Copyright © 1999 Robert L. Sommers, all rights reserved.
With one quick strike, the Off-Shore Asset Protection Industry has been all but wiped-out. In a recent court decision, The Ninth Circuit Court of Appeals ridiculed the central premise of off-shore asset protection planning: that a U.S. court could be stripped of jurisdiction by the creation of meaningless and self-serving documents (i.e. the offshore trust agreement) which supposedly transferred a defendant's assets to a so-called "asset protection" jurisdiction.
The Ninth Circuit Court of Appeal's decision (the Ninth Circuit, governing California and several other western states, is considered the most powerful court in the U.S. other than the Supreme Court) left no doubt that U.S. courts will continue to have personal jurisdiction over U.S. defendants and their assets, despite the best laid plans of the Off-Shore Asset Protection Industry.
Asset protection exists, in theory, to protect those subject to the jurisdiction of U.S. courts against lawsuits. Attorneys began exploring ways to hide or shield a person's assets against potential creditors. The idea was to convince very small countries with marginal economies to set up asset-protection legislation.
The legislation usually had two goals: (1) to make it difficult, if not impossible, for a creditor to bring a lawsuit to recover assets secreted in a foreign country; and (2) not to recognize U.S. court judgments or a U.S. court's jurisdiction with respect to the assets "held" in the foreign jurisdiction. Of course, the assets are usually not held in the jurisdiction, but invested in the U.S. or elsewhere.
The benefit to the foreign jurisdiction would be increased business activity and fees charged for using the country's asset protection laws. Usually, fees would be a flat amount, regardless of the asset's value and there are never any taxes levied on income or profits from assets. In short, the foreign country "sells" its asset-protection laws in return for an annual fee.
According to asset-protection adherents, if a U.S. person formed an asset-protection trust in an asset-protection jurisdiction and transferred assets to the trust, he could remain in effective control of his assets and at the same time shield those assets from potential creditors. Also, because the foreign jurisdiction would not recognize a foreign judgment, a creditor who successfully sued in a U.S. court would never collect on the judgment.

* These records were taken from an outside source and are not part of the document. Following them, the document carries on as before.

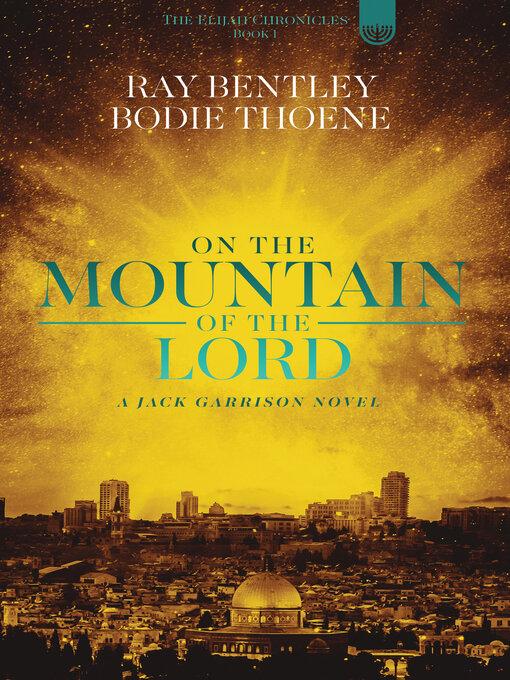 Title details for On the Mountain of the Lord by Ray Bentley - Available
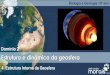 Estrutura e dinâmica da geosfera - jcmorais.com · térmico) no estudo da estrutura interna da Terra. • Interpretar modelos da estrutura interna da Terra com base em critérios
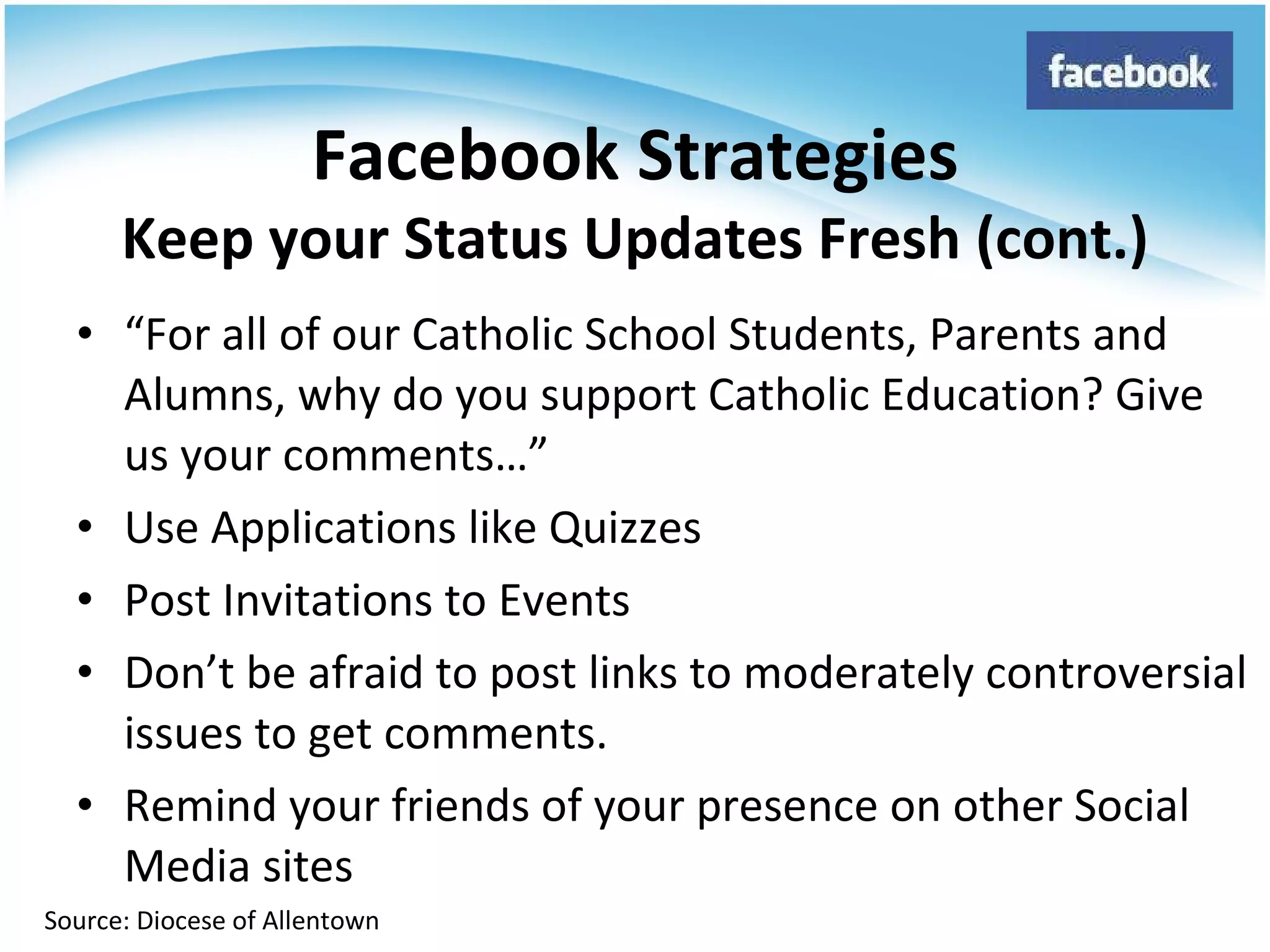 “ For all of our Catholic School Students, Parents and Alumns, why do you support Catholic Education? Give us your comments…” Use Applications like Quizzes Post Invitations to Events Don’t be afraid to post links to moderately controversial issues to get comments. Remind your friends of your presence on other Social Media sites Facebook Strategies Keep your Status Updates Fresh (cont.) Source: Diocese of Allentown 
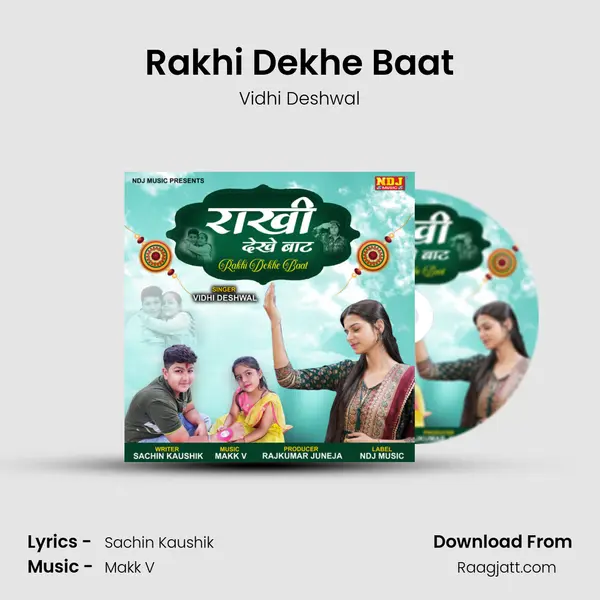 Rakhi Dekhe Baat - Vidhi Deshwal mp3 song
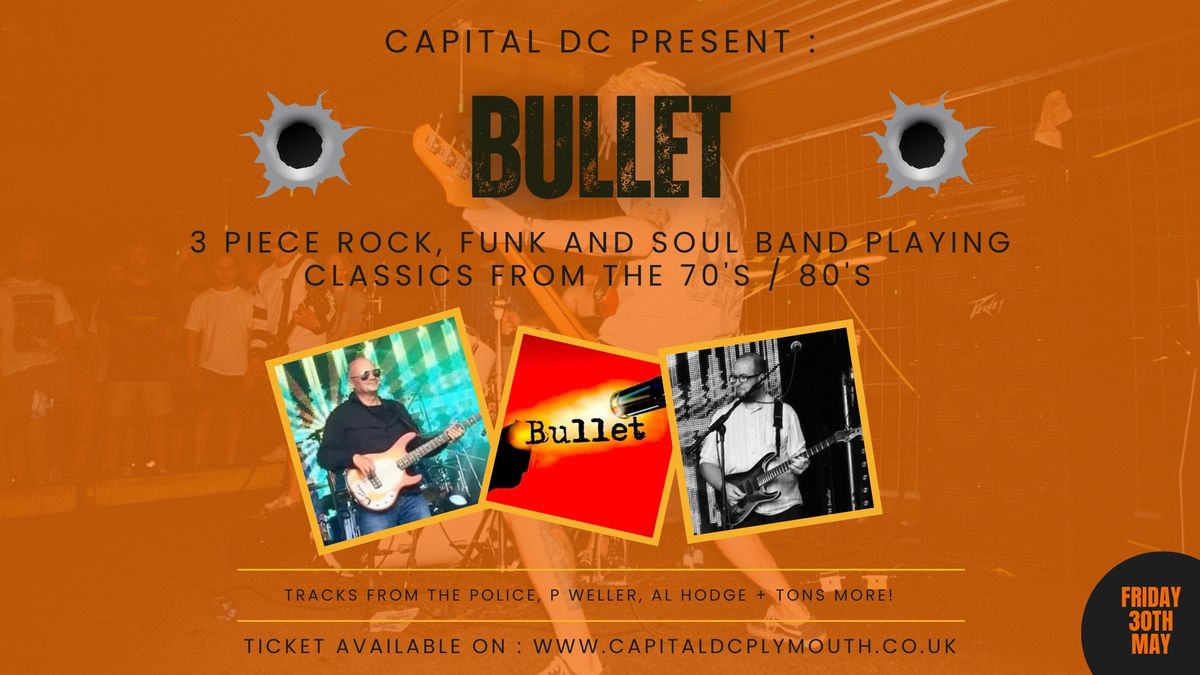 BULLET - CAPITAL DC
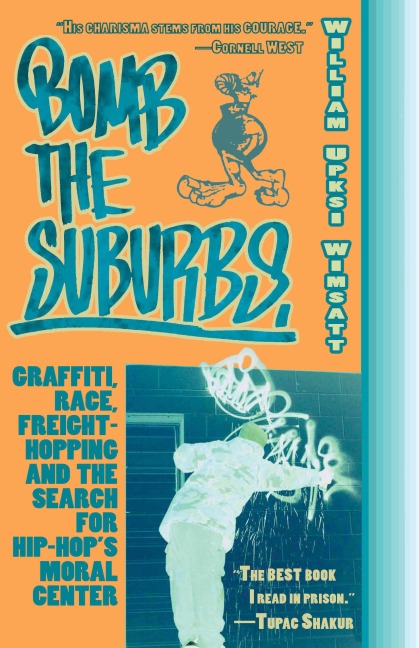 Bomb the Suburbs: Graffiti, Race, Freight-Hopping and the Search for Hip-Hops Moral Center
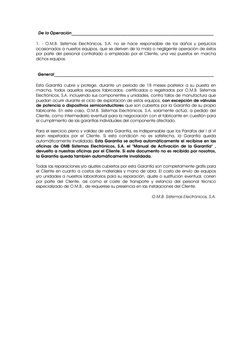 De la Operación_____________________________________________________________
1. - O.M.B. Sistemas Electrónicos, S.A. no se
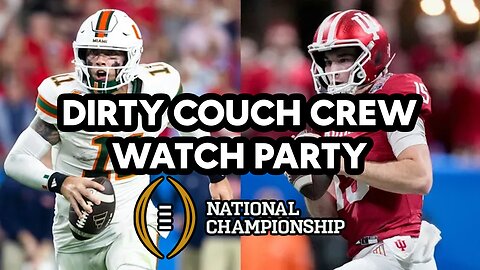 CFB NATTY WATCH PARTY ON THE DIRTY COUCH | WHO WILL WIN?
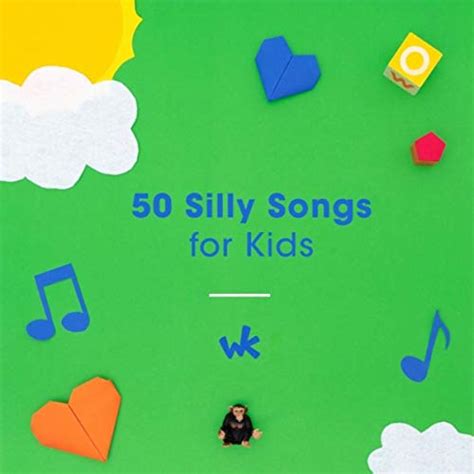 50 Silly Songs For Kids The Wonder Kids Digital Music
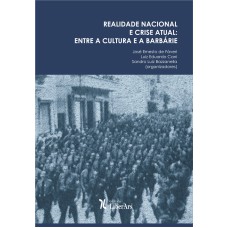 REALIDADE NACIONAL E CRISE ATUAL: ENTRE A CULTURA E A BARBÁRIE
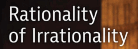 irrationality
                                                      justification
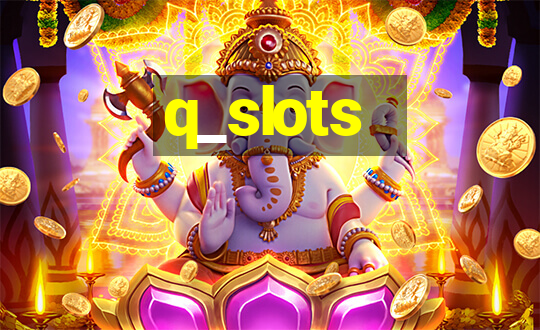 q_slots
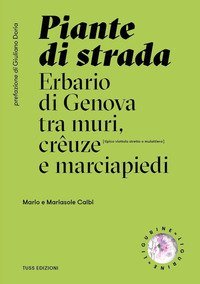 Piante di strada. Erbario di Genova tra muri, cr&ecirc;uze e marciapiedi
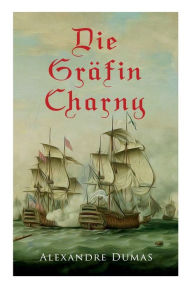 Title: Die Gräfin Charny: Historischer Roman, Author: Alexandre Dumas
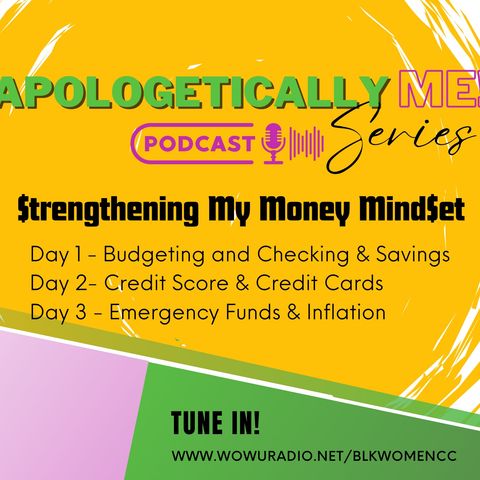 Unapologetically ME! Strengthening Your Money Mindset: Day 1 - BUDGETING AND CHECKING & SAVINGS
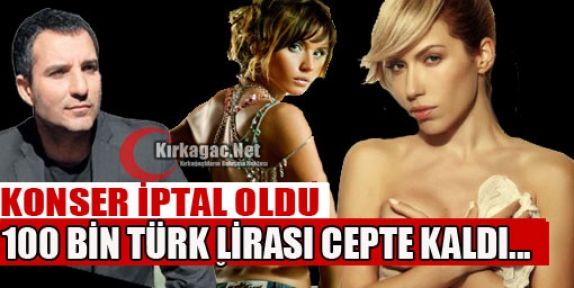 KONSER İPTAL OLDU 100 BİN LİRA CEPTE KALDI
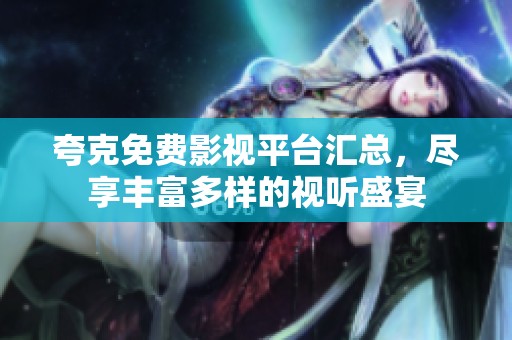 夸克免费影视平台汇总，尽享丰富多样的视听盛宴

Although the focus on asset protection involved the laws of a foreign jurisdiction, there was scant mention in the literature about the possibility that a U.S. court might hold the protected individual in contempt of court. The asset protection crowd glossed over this distinct possibility by claiming that a court could not hold a defendant in contempt if it was "impossible" for the defendant to comply with the court's order. To this end, language would be inserted into the asset protection trust, attempting to make it impossible for a defendant to comply with a U.S. court's order.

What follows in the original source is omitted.